The Scaling of Loss Pathways and Heat Transfer in Small Scale Internal Combustion Engines

Understanding the performance parameters of small remotely piloted aircraft powerplants.

Air Force Institute of Technology, Wright-Patterson Air Force Base, Ohio

The rapid expansion of the remotely piloted aircraft market includes an interest in 10 kg to 25 kg vehicles (Group 2) for monitoring, surveillance, and reconnaissance. Power plant options for those aircraft are often 10 cm³ to 100 cm³ displacement internal combustion engines. Both power and fuel conversion efficiency decrease increasingly rapidly in the aforementioned size range, with fuel conversion efficiency falling from approximately 30% for automotive and larger scale engines (greater than 100 cm³ displacement) to less than 5% for micro glow fuel engines (less than 10 cm³ displacement).

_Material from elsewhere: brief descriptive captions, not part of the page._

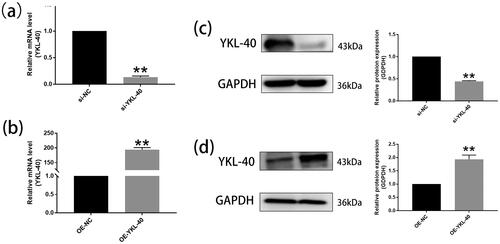 Figure 2. RT-qPCR and Western blot determined the expression of YKL-40 mRNA and proteins in HTR-8/SVneo after YKL-40 was knocked down or overexpressed, respectively (**P < 0.01). (a) RT-qPCR showed the mRNA levels of knocked out YKL-40 (**P < 0.01, si-NC vs. si-YKL-40). (c) Western blot indicated protein levels of knocked out YKL-40 (**P < 0.01, si-NC vs. si-YKL-40). (b) RT-qPCR displayed mRNA levels of overexpression of YKL-40 (**P < 0.01, OE-NC vs. OE-YKL-40). (d) Western blot demonstrated protein levels of overexpression YKL-40 (**P < 0.01, OE-NC vs. OE-YKL-40).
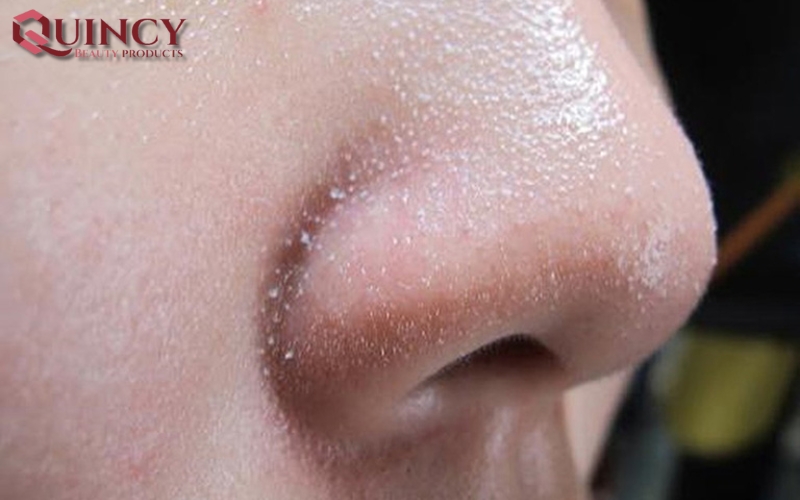 Cách phòng ngừa mụn cám - Mụn cám Papules là gì?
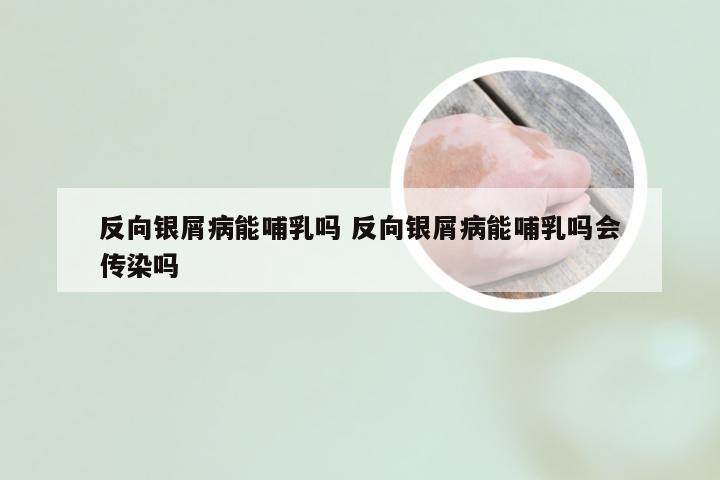 反向银屑病能哺乳吗 反向银屑病能哺乳吗会传染吗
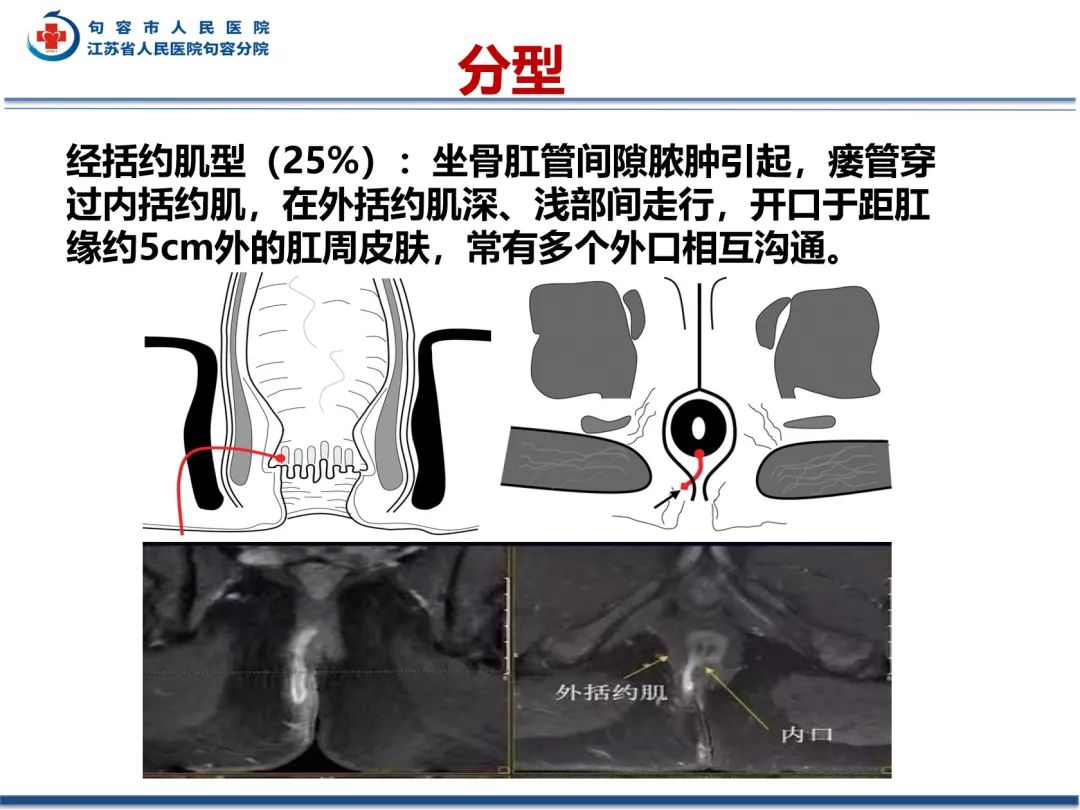 影像PPT - 【PPT】肛瘘-26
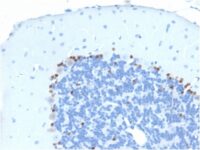 Formalin-fixed, paraffin embedded mouse brain sections stained with 100 ul anti-SOX2 (clone SOX2/1791) at 1:300. HIER epitope retrieval prior to staining was performed in 10mM Citrate, pH 6.0.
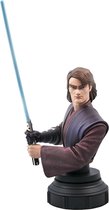 Star Wars: The Clone Wars - Anakin Skywalker 1/7 Bust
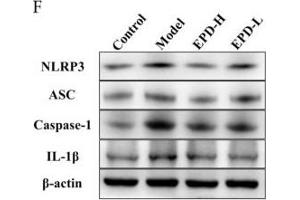 Western Blotting (WB) image for anti-NLR Family, Pyrin Domain Containing 3 (NLRP3) (AA 15-120) antibody (ABIN1386361)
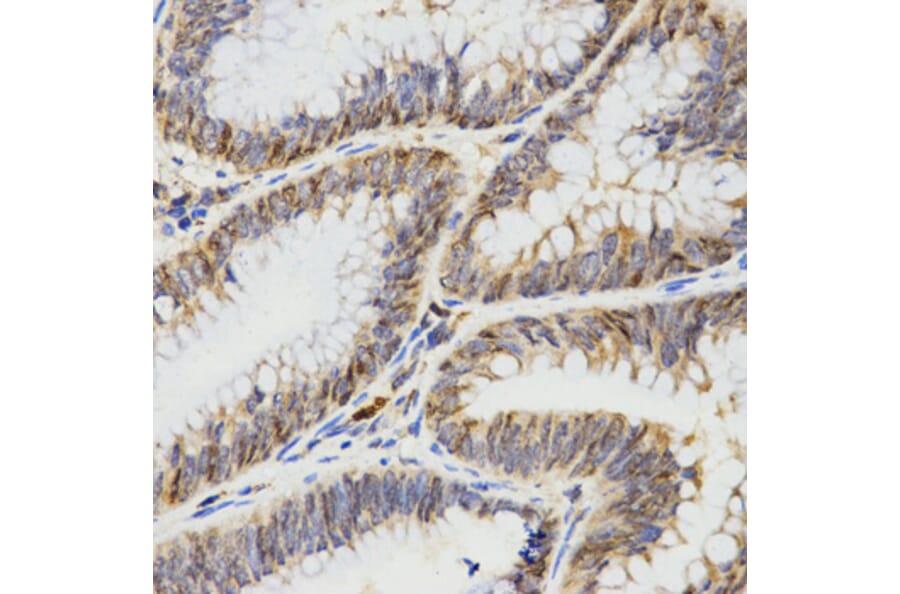 Anti-TPM2 Antibody from Bioworld Technology (BS7491) - Antibodies.com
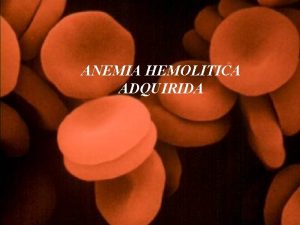 ANEMIA HEMOLITICA ADQUIRIDA ANEMIA HEMOLITICA Las anemias hemolticas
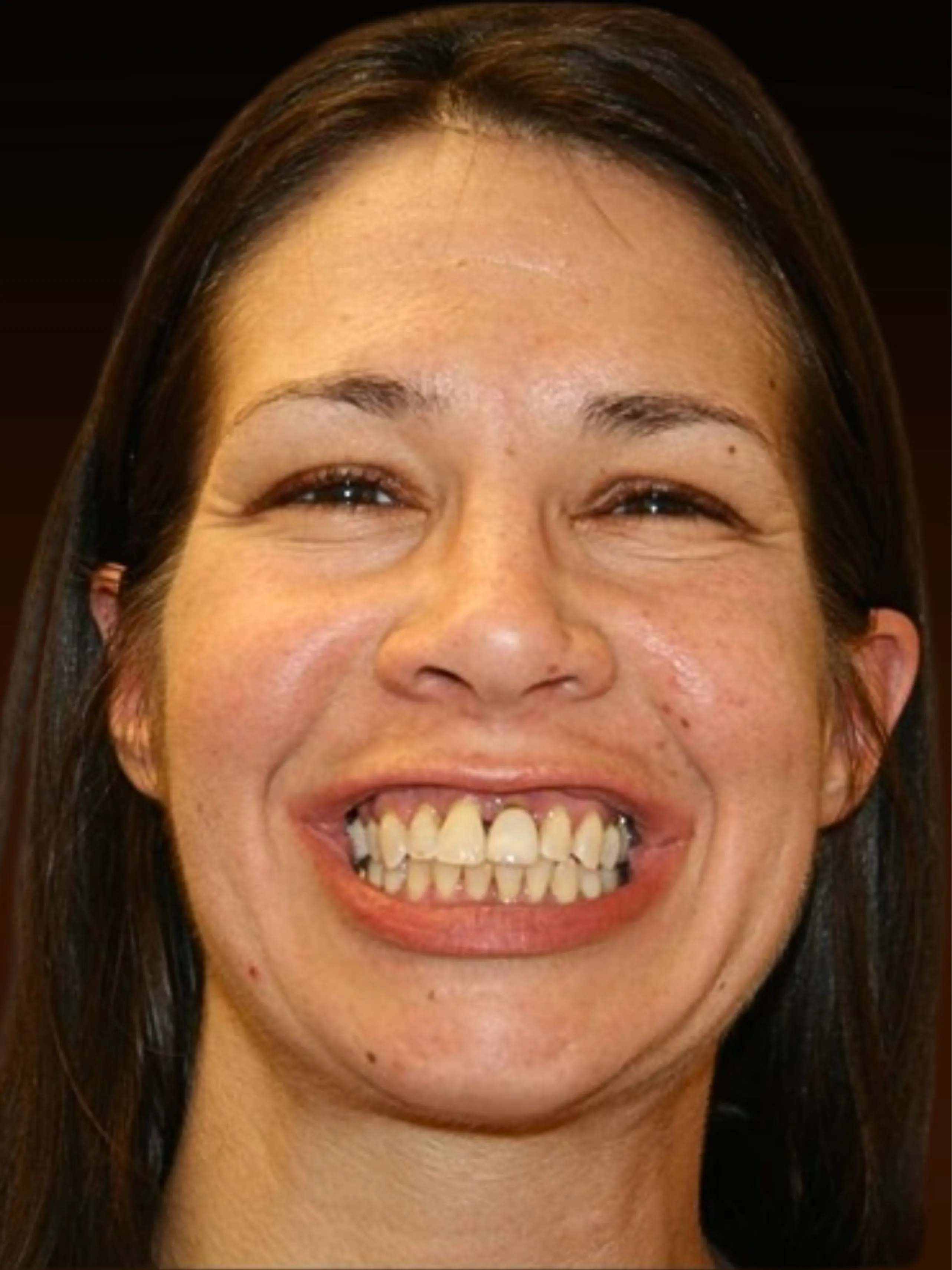 Patient Sarah before full arch dental implants at Implanted Wisdom, Highland IN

Based on the literature, it was unclear which loss mechanisms were responsible for the increasing rate of decreasing performance. Moreover, predictive models for losses such as friction, heat transfer, and short-circuiting (scavenging) were unavailable for ICEs in the stated size range. Previous research also indicated that these losses could cause an inherent relaxation in an engine's fuel octane requirement, possibly allowing small ICEs below a certain size to be converted from gasoline to JP-8 or diesel with little to no modification. To investigate these issues, three research objectives were proposed addressing the scaling of loss pathways; the modelling of heat transfer, friction losses, and gas exchange; and the determination of fuel anti-knock requirements for engines in the 10 cm³ to 100 cm³ displacement size range.